Work to be completed: With pictures left out, output word for word the lines from the one containing "#ayantika #ayantikasquad #explore" through the end of the material below.

Record set:
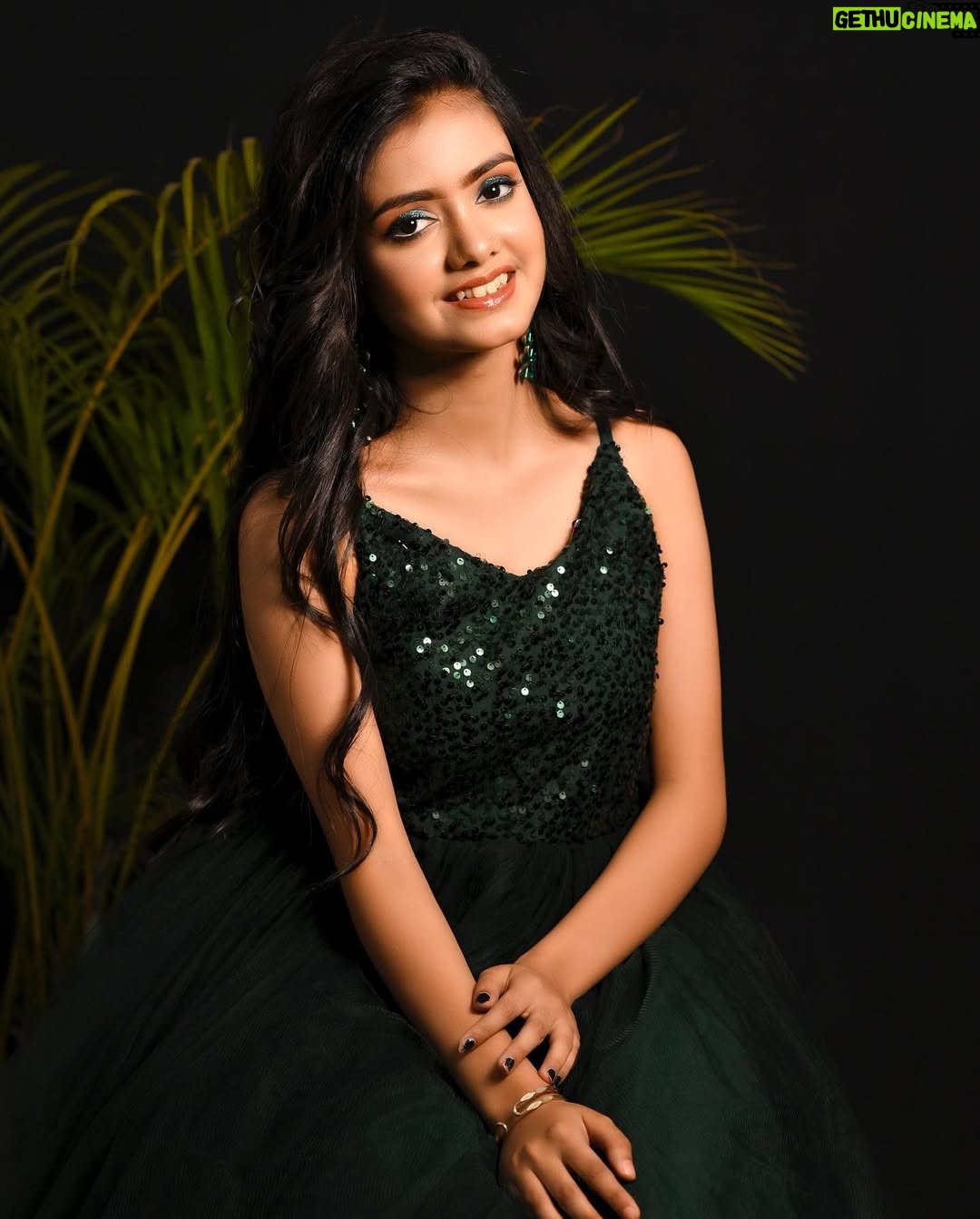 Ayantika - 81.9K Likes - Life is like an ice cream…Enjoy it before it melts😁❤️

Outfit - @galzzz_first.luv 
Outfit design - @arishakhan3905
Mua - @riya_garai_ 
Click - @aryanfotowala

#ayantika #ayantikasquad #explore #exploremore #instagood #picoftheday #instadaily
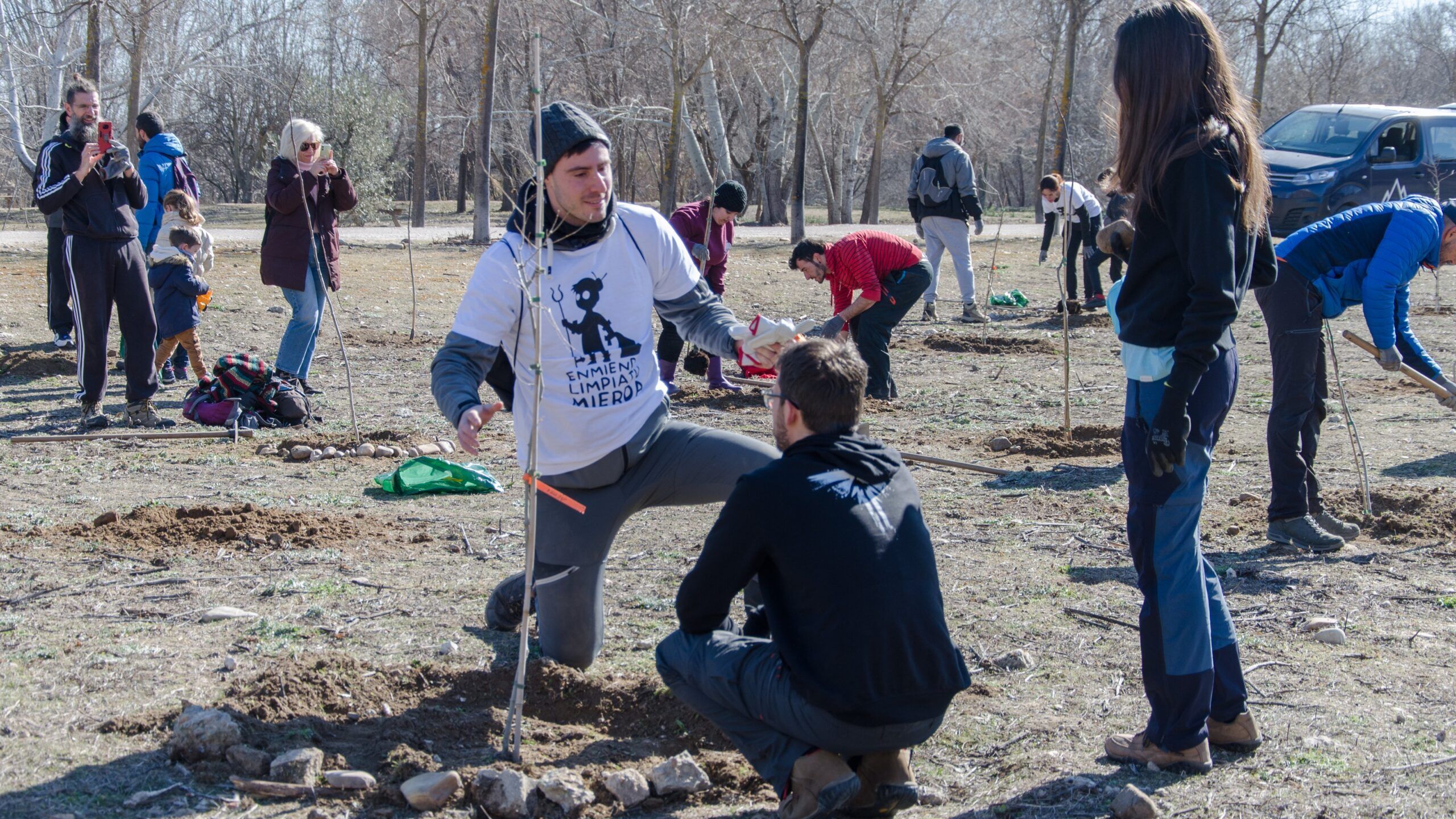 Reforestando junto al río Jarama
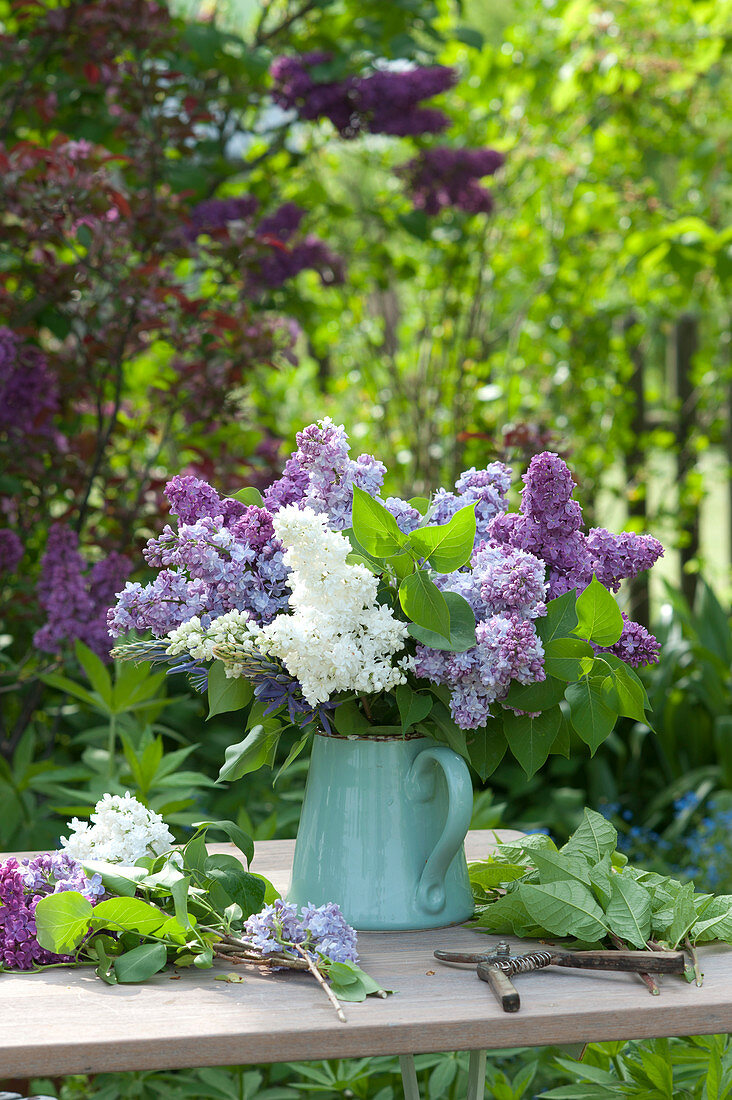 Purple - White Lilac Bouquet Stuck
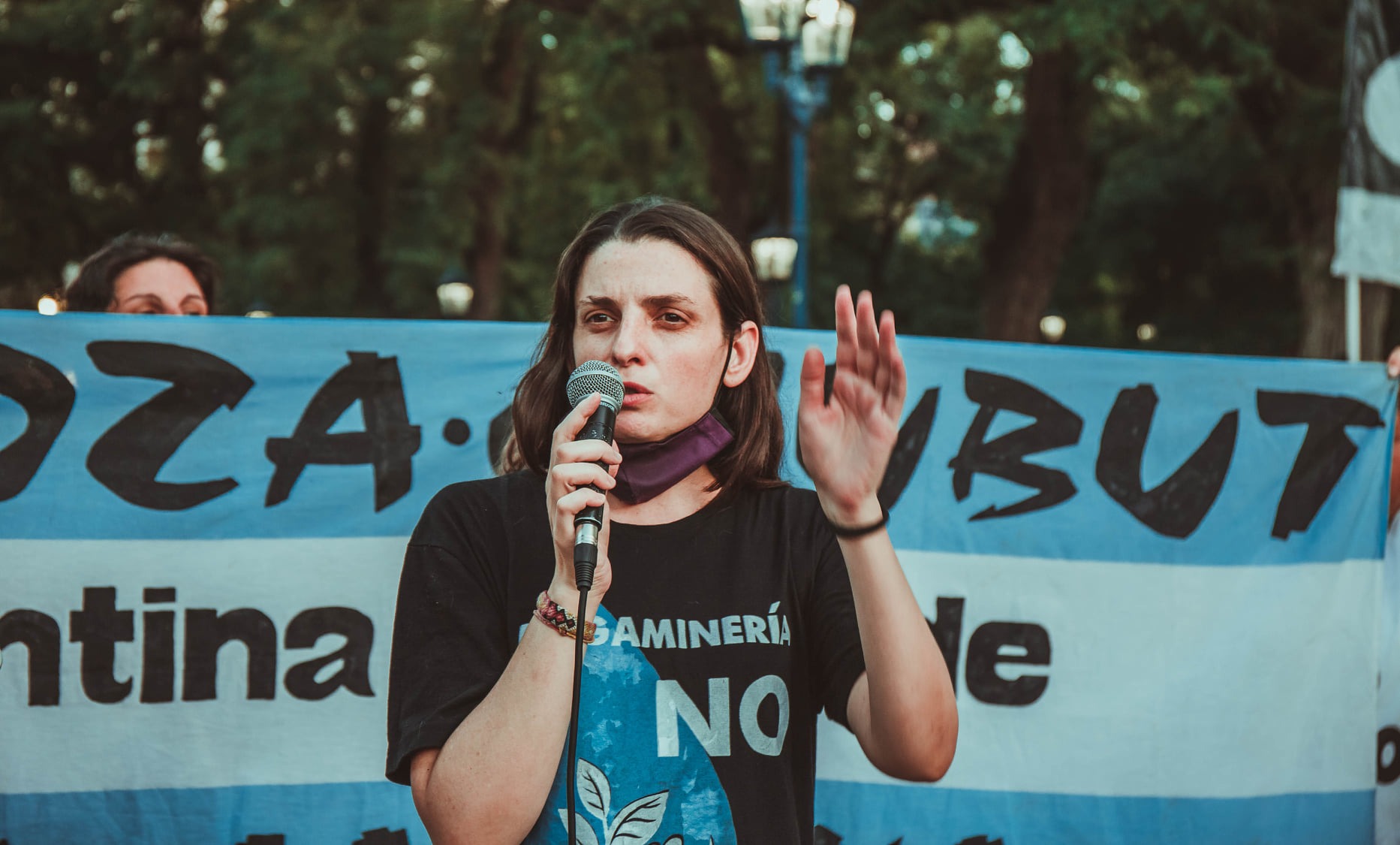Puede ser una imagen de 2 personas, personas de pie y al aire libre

Response:
#ayantika #ayantikasquad #explore #exploremore #instagood #picoftheday #instadaily
 Reforestando junto al río Jarama
 Purple - White Lilac Bouquet Stuck
Puede ser una imagen de 2 personas, personas de pie y al aire libre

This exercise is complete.